Captioned web image data
★ ★ ★

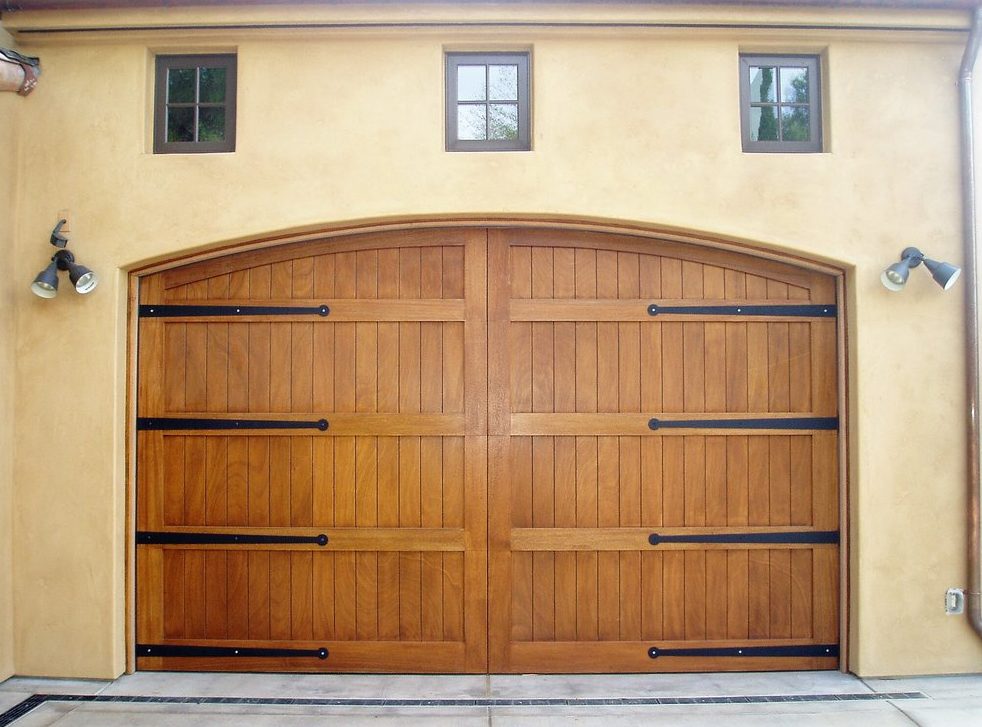 carriage style garage door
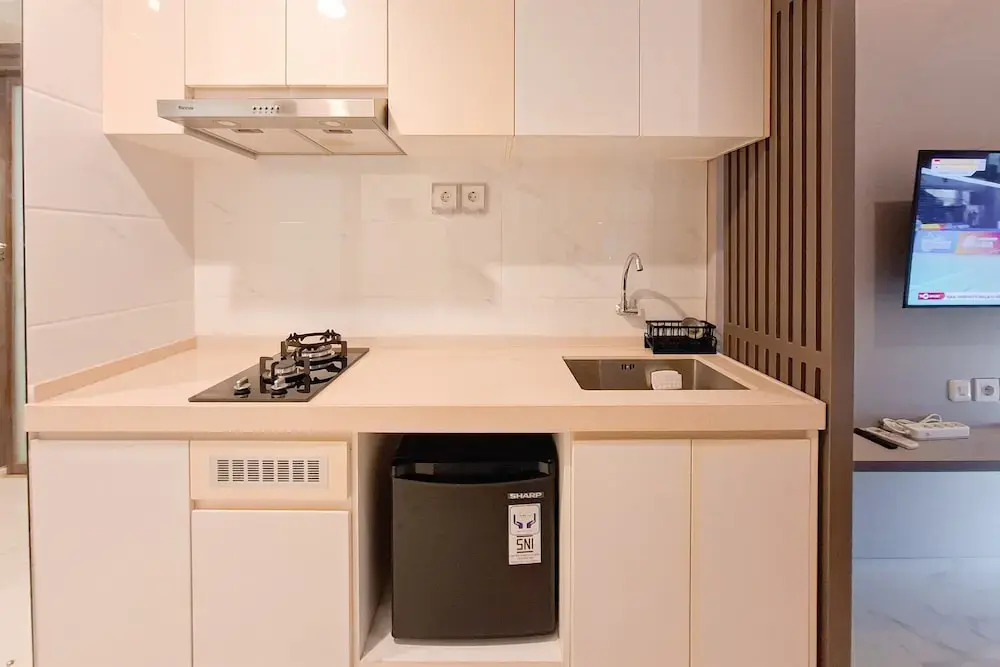Modern Style Studio At Apartment Sky House Bsd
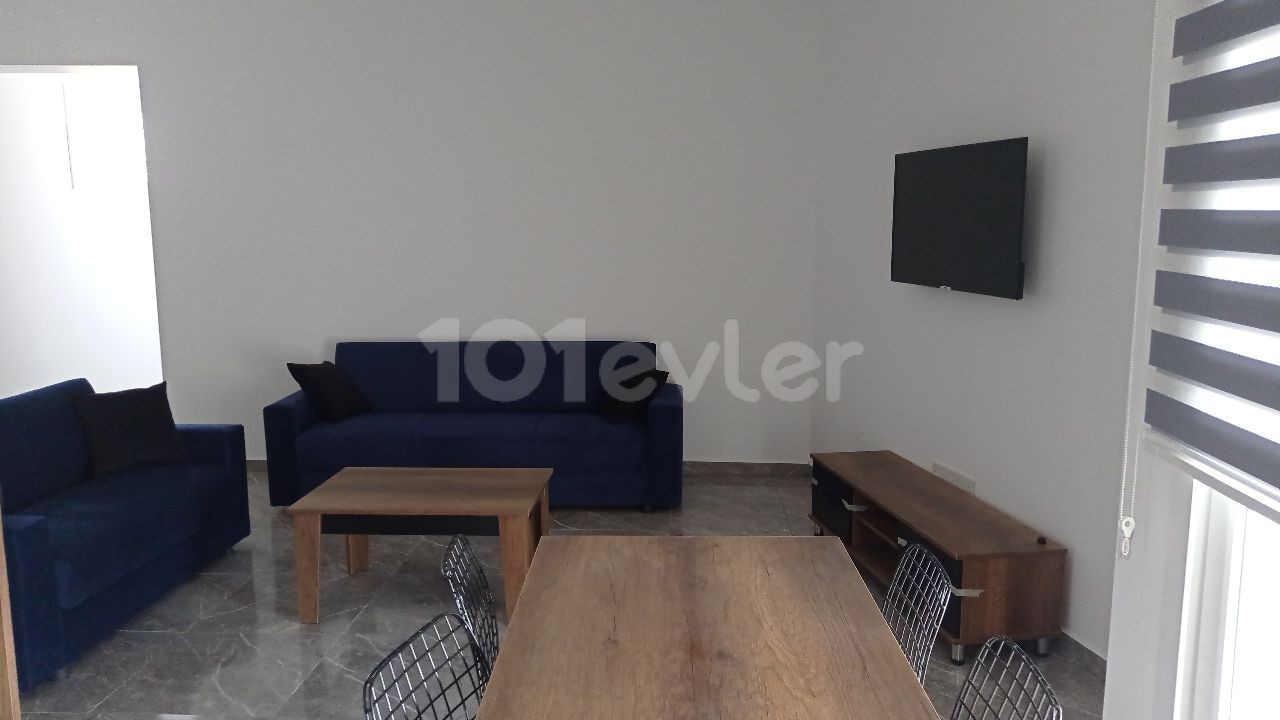 Opportunity flat for sale in a 1-year-old new building with ready tenants, centrally located in the Kızılbaş region, within walking distance of internal affairs and all ministries.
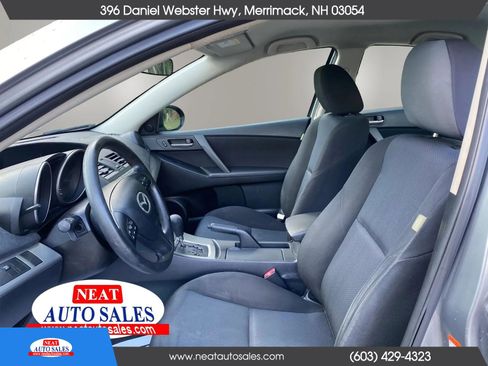Used 2010 MAZDA MAZDA3 i Touring FWD image 8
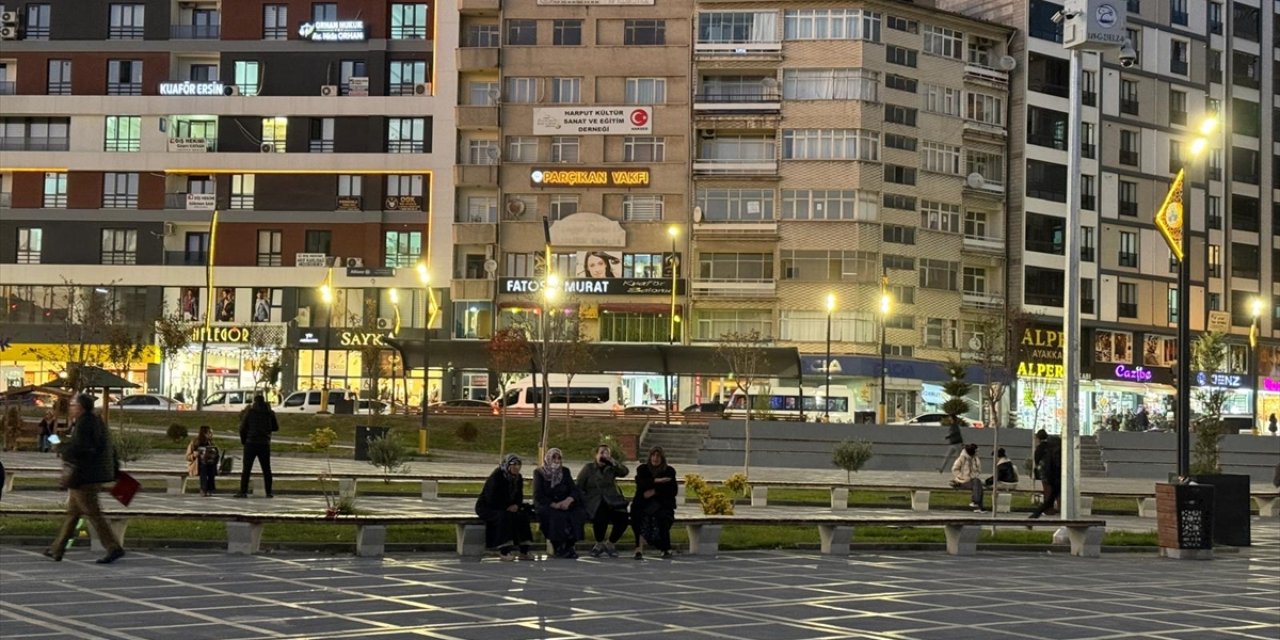 GÜNCELLEME - Elazığ'da 5 büyüklüğünde deprem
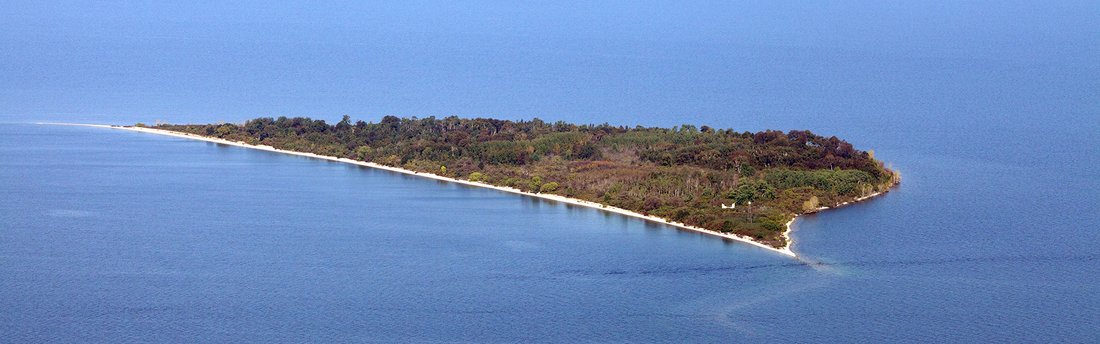 Private Island in Marinette, Wisconsin, United States 4 - 17616391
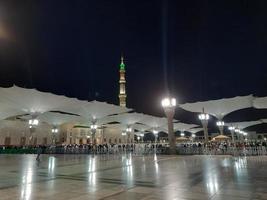 skön se av masjid al-nabawi, medina, saudi arabien i nattlampor. foto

★ ★ ★

* Exercise objective: From the first line to the last, write out the data above exactly. Omit the pictures.

* Solution:
 carriage style garage door
Modern Style Studio At Apartment Sky House Bsd
 Opportunity flat for sale in a 1-year-old new building with ready tenants, centrally located in the Kızılbaş region, within walking distance of internal affairs and all ministries.
Used 2010 MAZDA MAZDA3 i Touring FWD image 8
 GÜNCELLEME - Elazığ'da 5 büyüklüğünde deprem
 Private Island in Marinette, Wisconsin, United States 4 - 17616391
 skön se av masjid al-nabawi, medina, saudi arabien i nattlampor. foto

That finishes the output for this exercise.